The bottom-up approach is often preferred because you don't have the risk of a stack overflow from recursion or incur the space complexity from the call stack. However, if your language implements tail-call optimization, then the recursive approach uses constant space and its downsides no longer matter, and you can use either top-dowm or bottom-up equally.

Bottom-Up Approach

The bottom-up takes the simplest value(s) and builds on top of it to reach the solution. This is often the most intuitive way for people to solve problems when they are newer to programming.

Calculating a large fibonacci(n), we start at the bottom which is 0 and 1 for the first two items in the sequence. Then we repeatedly sum them together and build our way to the solution.

function fibonacci(n) {
  let first = 0;
  let second = 1;

  for (let i = 2; i < n; i++) {
    let temp = first + second;
    first = second;
    second = temp;

  return first + second;

Top-Down Approach

For the top-down approach, we start by considering the final solution and express it as a combination of the results of a series of subproblems. This is our recursive approach.

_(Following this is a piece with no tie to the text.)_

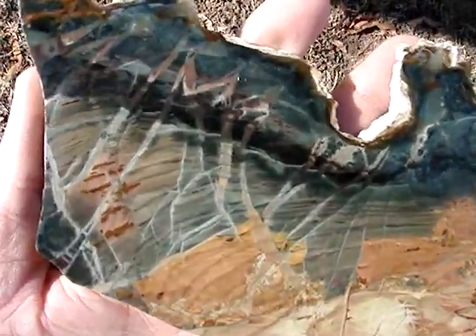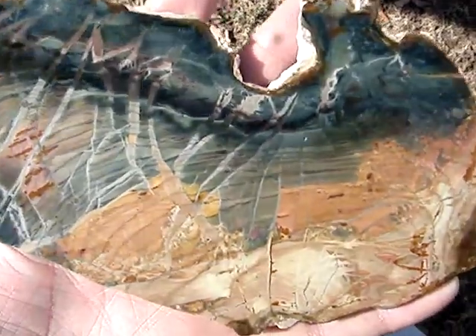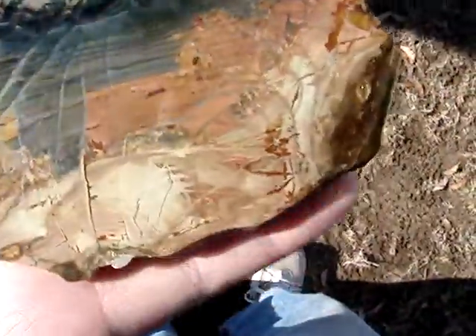There's a nice large slab of mortisnide. This is a collector slab. It's polished on both sides. You can see some nice white streamers in there. You can see some blue overlapping warbs going all the way through it. I got a bit of yellow and pink there.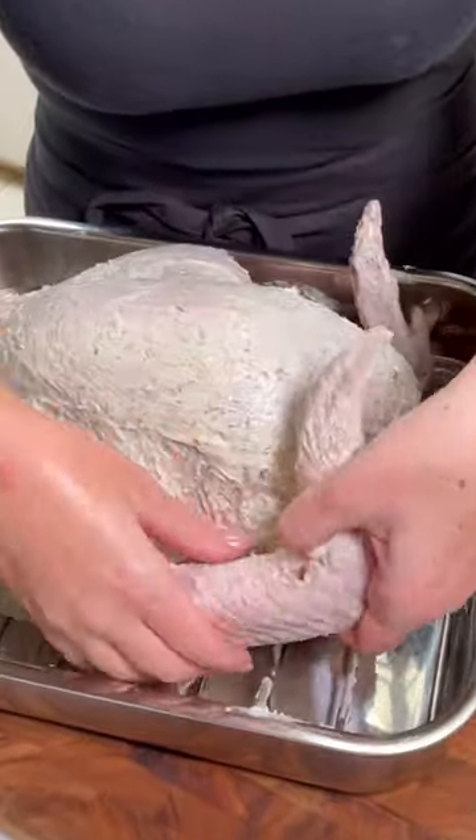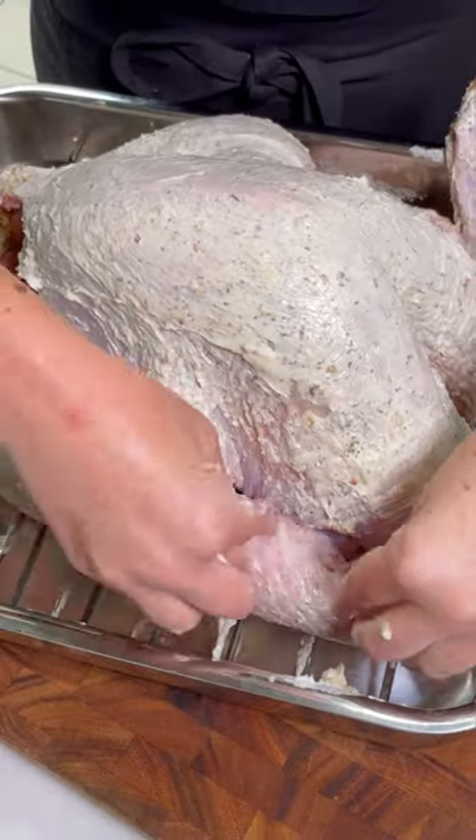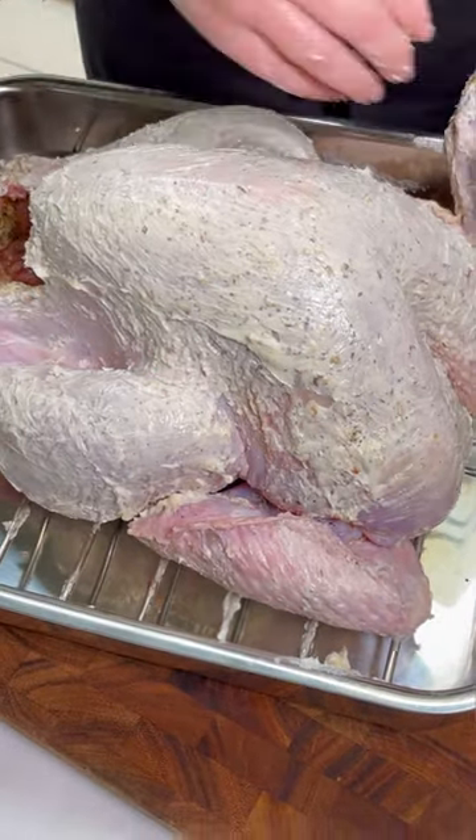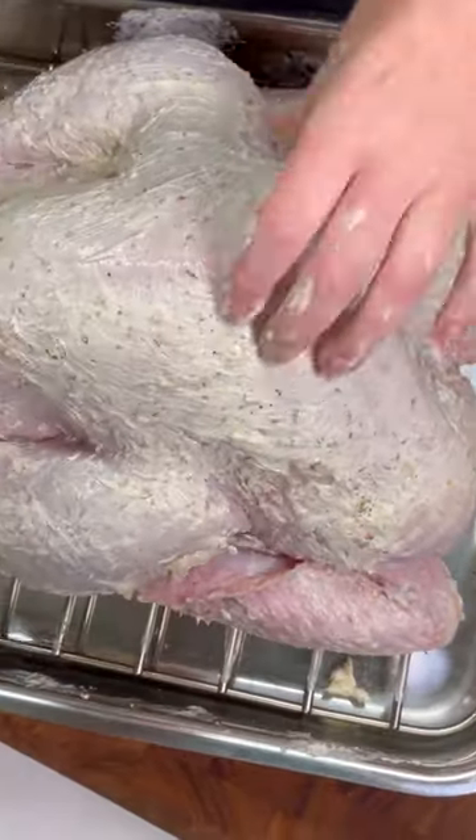So I just take my wing, just fold it backwards, got to be kind of firm with it, and just tuck it right under the base of the breast. And there you are.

We start at the top (final state we want) and express it as a recursive function. The recursive function then calls itself with smaller values until it reaches the base case. Once we reach the base case, the values are returned through the functions calls, and we combine the answers to build the final solution.

Since the Fibonacci number is just the sum of the two Fibonacci numbers before it, if we solve this as a combination of subproblems with the same logic for every number before n, we can then use their results to calculate fibonacci(n).

function fibonacci(n) {
  // Base case
  if (n < 2) {
     return n

  // Sum the two previous numbers to get the current value
  return fibonacci(n - 1) + fibonacci(n - 2)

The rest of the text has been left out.